• Task details
Beginning with the first line, return the material verbatim and without pictures.

• The data
---------------

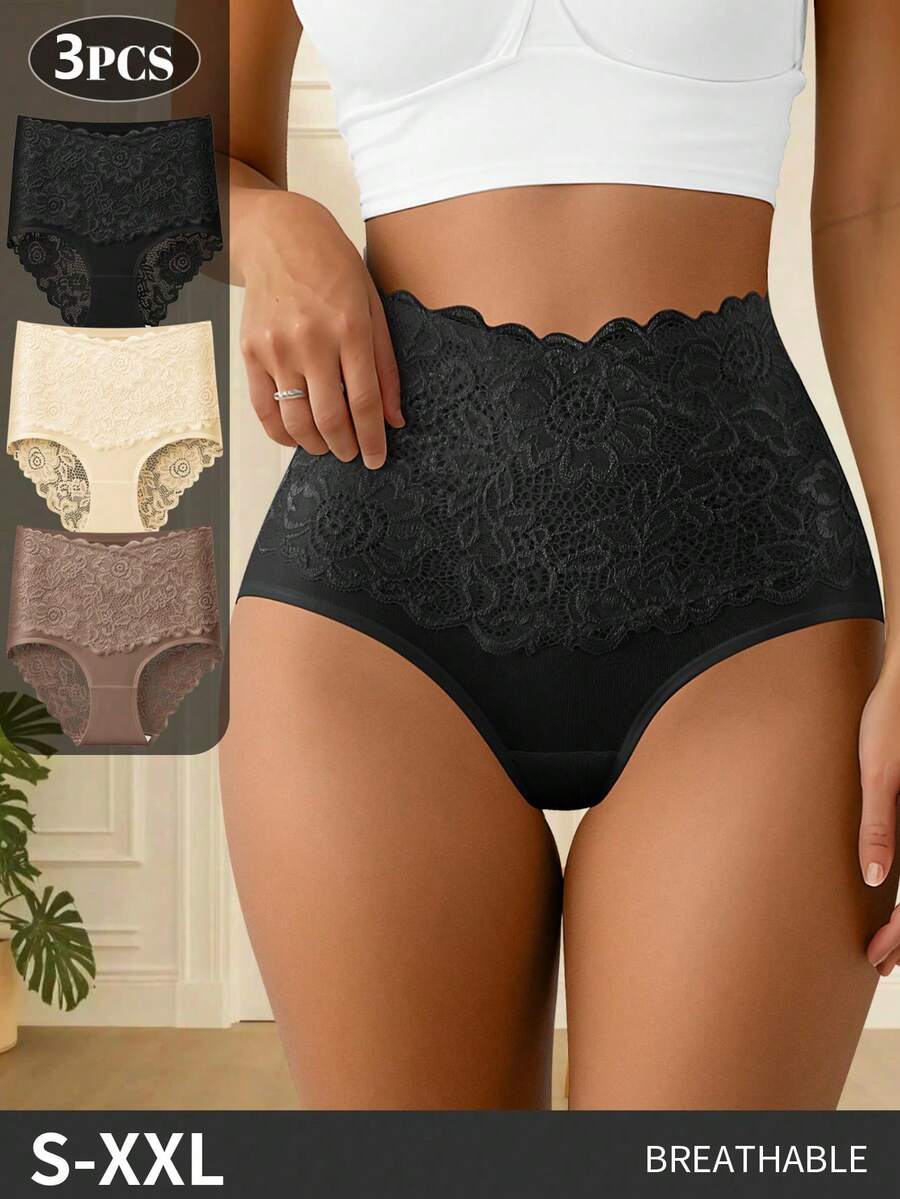 3 buah celana dalam segitiga wanita - Desain renda seksi, kain nyaman, ramah kulit & bernapas - Pilihan hadiah yang sempurna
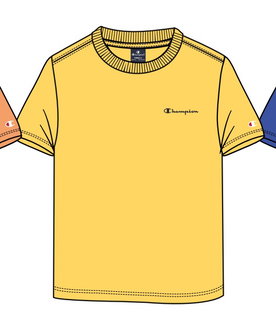 Champion Freizeit-Tshirt (Baumwolle) Crew mit Kleinen-Logo-Schriftzug gelb Jungen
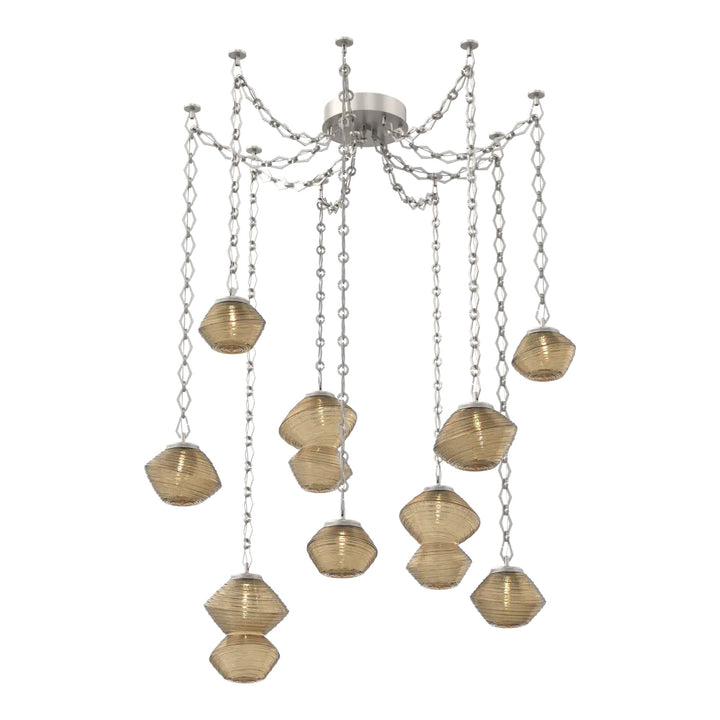 Mesa Swag Chandelier by Hammerton Studio 9 Lights in Beige Silver with Bronze glass on chain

---------------

• Task solution
 3 buah celana dalam segitiga wanita - Desain renda seksi, kain nyaman, ramah kulit & bernapas - Pilihan hadiah yang sempurna
 Champion Freizeit-Tshirt (Baumwolle) Crew mit Kleinen-Logo-Schriftzug gelb Jungen
 Mesa Swag Chandelier by Hammerton Studio 9 Lights in Beige Silver with Bronze glass on chain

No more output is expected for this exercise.